Lost what to write this essay about, I travel through the notes I’ve created over the years. Many of them long forgotten. One catches my attention. One that I crowded out with the memories of the time when it was written. ‘Pep talk to a girl who wants to be everything and feels like she’s nothing’. January 21, 2021.

I worked in advertising and lived in Hamburg at the time; home to my last boyfriend, now alone, six short hours of daylight a day. Home office internship in advertising. Germany caught in what we called the „November Lockdown“ – a shutdown supposed to last one month that continued for seven.

This whole lockdown situation makes me feel like my life is more or less over. Moreover, as if it’s wasted. Bad decisions, too many no-s, too plenty wrong yes-ses. But gosh, I did have a great life up until now. I’m somehow telling myself I’m on the right path. If only I felt it.

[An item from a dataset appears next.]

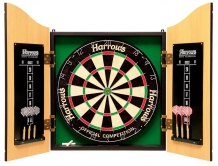 Harrows Pro's Choice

The girl who recited a poem of her own writing at the United States’ President’s inauguration today was twenty-two. Is twenty-two. When I was twenty-two – I haven’t been in three years and four months – I was a writer. I wanted to be a journalist, and I was on track to become this person. Until I stopped writing. Writing, and podcasting, just when it became a thing. Just when I had finished my thesis on how podcasting is the ultimate medium of the future.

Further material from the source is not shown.